Alvarado v. Otto Martin Maschinebau Gmbh & Co.

—In an action to recover damages for personal injuries, the defendant Otto Martin Maschinebau Gmbh & Co., appeals from an order of the Supreme Court, *346Kings County (Golden, J.), dated June 26, 1995, which denied its motion for summary judgment dismissing the complaint insofar as asserted against it.

Ordered that the order is reversed, on the law, with costs, the motion by the defendant Otto Martin Maschinebau Gmbh & Co. is granted, and the complaint is dismissed insofar as asserted against it.

The plaintiff was allegedly injured while operating a power table saw manufactured by the defendant Otto Martin Maschinebau Gmbh & Co. (hereinafter Martin). The plaintiff testified at an examination before trial that he was feeding a piece of plywood into the saw when the wood "kicked back” and struck him in the chest, causing him to lose consciousness and fall onto the blade. The plaintiff sustained injuries to his right hand. When the saw was shipped to the plaintiff’s employer, it was equipped with a parallelogram saw guard and a splitting wedge to which an antikickback finger was fastened. These devices were not present on the saw when the accident occurred.

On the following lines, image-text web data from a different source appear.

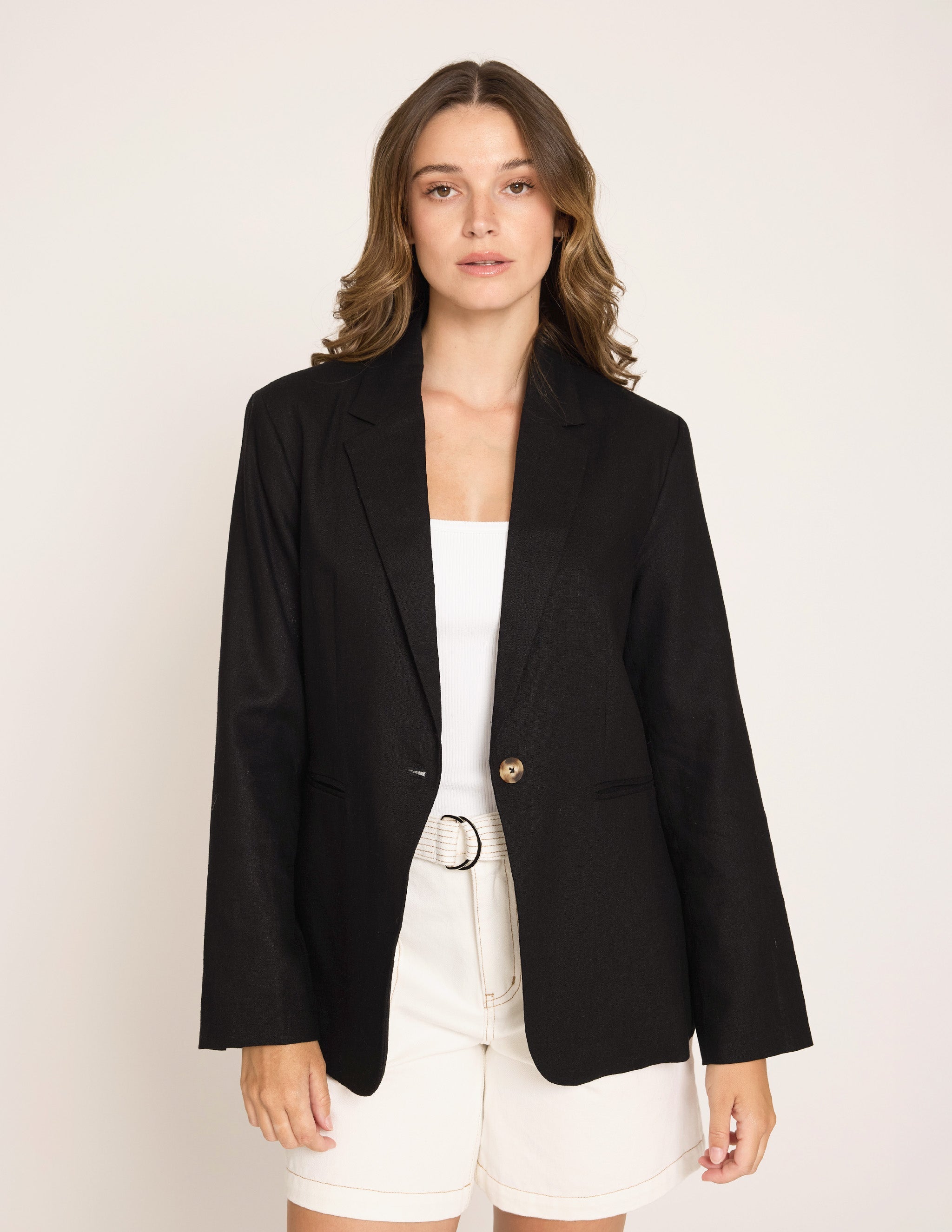A woman modeling a black single-breasted blazer with gold buttons, worn over a white top and white shorts, against a plain light gray studio background.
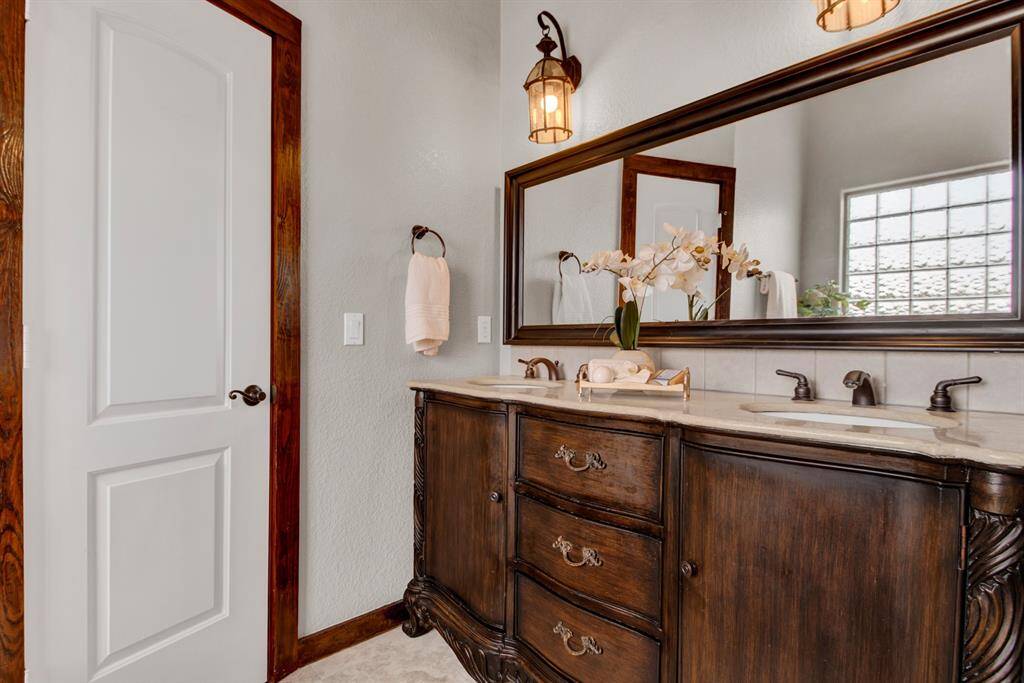 The primary bathroom showcases a dual-sink vanity with carved wood detail, coordinating bronze fixtures, an oversized mirror, and a secondary primary walk-in closet.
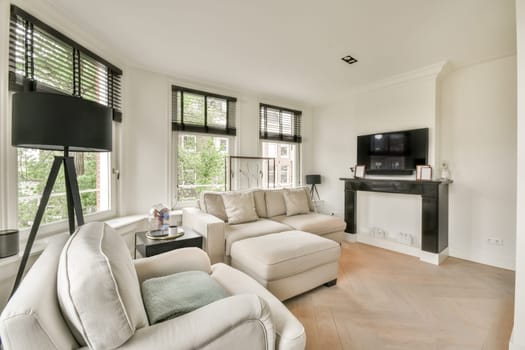 a living room with white couches and large windows that look out onto the trees in the distance is an outdoor fire place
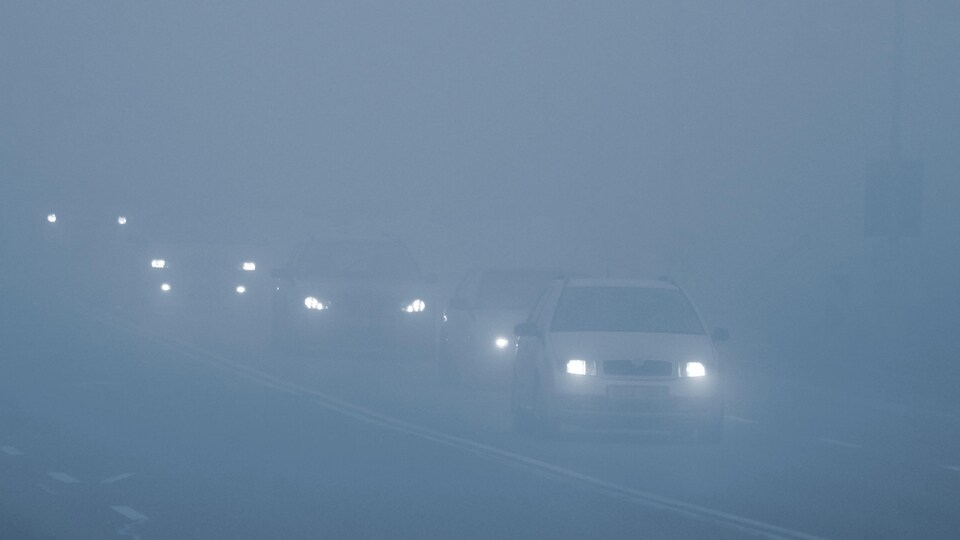 Des voitures conduisent dans le brouillard.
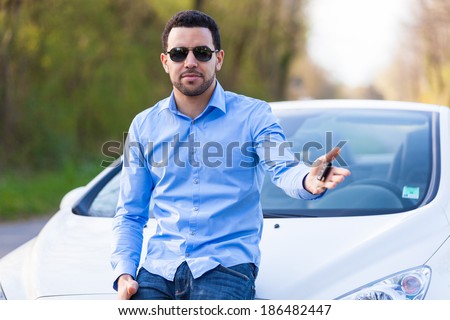 Young latin american driver holding car keys driving his new car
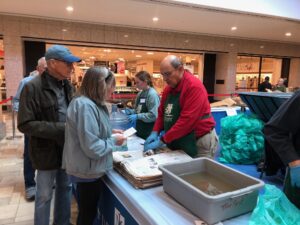 volunteer workers at tree fest in mall in Wilmington NC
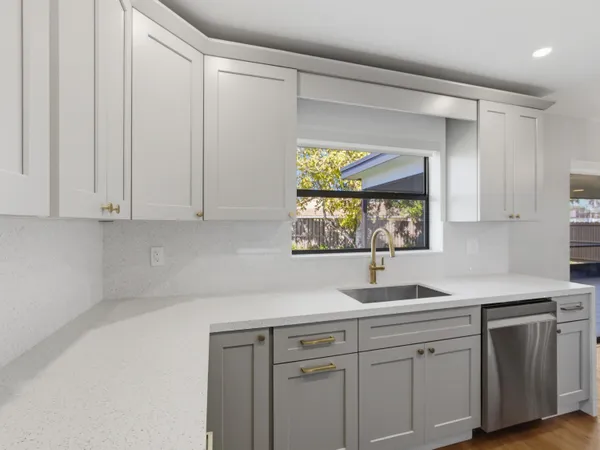 a kitchen with stainless steel appliances white cabinets and a window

The Supreme Court denied Martin’s motion for summary judgment, concluding that issues of fact existed with respect to the plaintiff’s assertions that (1) the saw was defectively designed, and (2) the saw was manufactured with attached but removable safety devices. We reverse.

We have recently observed that "[a] manufacturer may not be cast in damages, either on a strict products liability or negligence cause of action, where, after the product leaves the possession and control of the manufacturer, there is a subsequent modification which 'substantially alters the product and is the proximate cause of the plaintiff’s injuries’ ” (Wyda v Makita Elec. Works, 232 AD2d 407, citing Robinson v Reed-Prentice Div., 49 NY2d 471).

Martin’s moving papers demonstrated that the saw in question was shipped with the requisite safety devices, but that these devices had been removed by the time the plaintiff’s accident occurred (see, Robinson v Reed-Prentice Div., supra). The plaintiff’s opposing papers failed to create triable issues of fact with respect to the claim that the absent safety devices had been designed to be removed and the saw itself was designed to be operable without those devices in place (see, Wyda v Makita Elec. Works, supra; cf., Lopez v Precision Papers, 67 NY2d 871, 873). The affidavit submitted by the plaintiff’s expert offered no opinion with respect to the allegation that the saw’s safety devices were designed to be removed.

We have reviewed the plaintiff’s remaining contentions and *347find them to be without merit. Rosenblatt, J. P., Thompson and McGinity, JJ., concur.